Avec tous les meetings, courriels, formations, obligations sociales et départementales, il reste peu de temps pour le travail profond.

Un esprit entrainé pourra faire maximum 4 heures de travail profond dans une journée. On ne manquera donc pas de temps pour répondre à ses courriels. Il faut en premier s’assurer de réaliser ses heures de deep work.

Courriels: devenir difficile à rejoindre

Il y a une convention sociale qui dicte de répondre à tous les courriels dans un délai raisonnable. Il faut briser les chaînes qui nous attachent à notre boîte de messagerie.

  • Faire travailler les autres s’ils veulent vraiment nous rejoindre. Créer un “filtre de l’expéditeur”. Écrire un court préambule qui baisse les attentes de recevoir une réponse seulement si le message apporte un plus à ma vie ou mes projets.
  • Répondre aux courriels de façon centrée sur le processus. Anticiper les prochaines étapes et proposer des options plausibles ou des moments de rencontre ou d’appel. Le but est de minimiser le nombre de communications futures. En libérant notre esprit de la charge mentale liée aux discussions en suspens, on a plus de ressources pour le Deep work.
  • Ne pas répondre aux courriels.
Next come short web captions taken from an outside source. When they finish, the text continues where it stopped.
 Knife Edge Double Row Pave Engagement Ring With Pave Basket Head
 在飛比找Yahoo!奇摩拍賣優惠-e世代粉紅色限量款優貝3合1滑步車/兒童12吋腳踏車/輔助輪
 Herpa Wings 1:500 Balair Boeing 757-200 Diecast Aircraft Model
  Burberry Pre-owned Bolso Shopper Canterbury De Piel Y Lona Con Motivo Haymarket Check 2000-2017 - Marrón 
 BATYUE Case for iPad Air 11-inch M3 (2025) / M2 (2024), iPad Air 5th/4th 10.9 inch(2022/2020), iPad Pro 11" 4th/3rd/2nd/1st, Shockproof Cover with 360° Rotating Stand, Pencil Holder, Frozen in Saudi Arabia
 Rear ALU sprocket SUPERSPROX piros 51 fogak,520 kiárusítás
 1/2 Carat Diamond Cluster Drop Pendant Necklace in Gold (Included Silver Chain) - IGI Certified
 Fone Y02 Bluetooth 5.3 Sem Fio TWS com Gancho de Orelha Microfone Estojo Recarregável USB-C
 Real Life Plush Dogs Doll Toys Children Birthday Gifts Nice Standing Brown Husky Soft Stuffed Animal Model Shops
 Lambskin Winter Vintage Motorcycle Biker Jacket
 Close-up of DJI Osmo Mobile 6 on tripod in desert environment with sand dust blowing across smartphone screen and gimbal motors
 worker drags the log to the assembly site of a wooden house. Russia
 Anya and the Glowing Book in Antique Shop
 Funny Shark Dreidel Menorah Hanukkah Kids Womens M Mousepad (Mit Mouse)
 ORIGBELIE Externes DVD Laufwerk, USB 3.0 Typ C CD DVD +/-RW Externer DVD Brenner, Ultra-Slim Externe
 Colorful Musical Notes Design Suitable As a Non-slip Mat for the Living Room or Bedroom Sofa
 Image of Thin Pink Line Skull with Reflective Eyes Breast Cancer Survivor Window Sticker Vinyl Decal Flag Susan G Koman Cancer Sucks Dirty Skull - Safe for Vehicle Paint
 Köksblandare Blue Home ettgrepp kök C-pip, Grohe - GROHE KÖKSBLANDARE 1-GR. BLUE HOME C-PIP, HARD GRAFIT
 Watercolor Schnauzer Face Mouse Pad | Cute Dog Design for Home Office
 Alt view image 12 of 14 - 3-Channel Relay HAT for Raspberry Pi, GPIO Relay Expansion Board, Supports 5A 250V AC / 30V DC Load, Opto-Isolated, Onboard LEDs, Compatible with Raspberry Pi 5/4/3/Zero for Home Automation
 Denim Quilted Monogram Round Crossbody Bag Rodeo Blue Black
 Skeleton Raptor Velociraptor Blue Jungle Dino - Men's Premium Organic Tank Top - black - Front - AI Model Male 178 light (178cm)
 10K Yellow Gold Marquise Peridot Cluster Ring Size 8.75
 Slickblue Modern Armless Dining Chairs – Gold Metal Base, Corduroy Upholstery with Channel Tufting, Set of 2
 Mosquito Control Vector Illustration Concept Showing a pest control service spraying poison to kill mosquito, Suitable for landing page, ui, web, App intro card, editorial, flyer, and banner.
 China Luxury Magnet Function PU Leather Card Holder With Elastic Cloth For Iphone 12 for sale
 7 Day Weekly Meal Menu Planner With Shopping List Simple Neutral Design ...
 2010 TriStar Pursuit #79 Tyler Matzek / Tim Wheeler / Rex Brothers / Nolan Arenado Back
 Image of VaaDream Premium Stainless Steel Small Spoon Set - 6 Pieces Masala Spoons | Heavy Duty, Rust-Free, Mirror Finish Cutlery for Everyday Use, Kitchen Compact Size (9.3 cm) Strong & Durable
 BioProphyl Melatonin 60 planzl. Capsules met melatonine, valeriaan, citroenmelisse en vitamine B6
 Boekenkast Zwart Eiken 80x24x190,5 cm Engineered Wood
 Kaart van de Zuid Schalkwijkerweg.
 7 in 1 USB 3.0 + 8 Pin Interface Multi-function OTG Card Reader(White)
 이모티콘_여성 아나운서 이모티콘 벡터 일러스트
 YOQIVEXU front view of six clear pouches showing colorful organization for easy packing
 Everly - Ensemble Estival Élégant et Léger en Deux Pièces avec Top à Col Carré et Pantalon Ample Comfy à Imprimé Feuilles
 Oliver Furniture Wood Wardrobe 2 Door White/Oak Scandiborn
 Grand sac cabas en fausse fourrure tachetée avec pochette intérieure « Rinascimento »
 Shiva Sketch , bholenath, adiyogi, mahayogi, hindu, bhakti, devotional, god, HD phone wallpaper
Accepter les petits désagréments qui en découleront car se libérer de la tyrannie du inbox nous ouvrira de nouvelles opportunités.

ouverture

Le Deep work n’est pas pour tout le monde mais est un outil puissant et sous-estimé qui libère et décuple notre potentiel cognitif. C’est un levier essentiel pour se démarquer des masses distraites par les réseaux sociaux, les courriels et les normes sociales de connectivité. Nous avons le choix entre une vie confortable et divertissante à surfer sur les vagues du moment et une vie focusée, délibérée et stimulante qui rapportera bien plus sur les plans personnel et professionnel.

Pour faire sa place dans la nouvelle société post-moderne il faut se munir d’outils transformationnels comme le Deep work.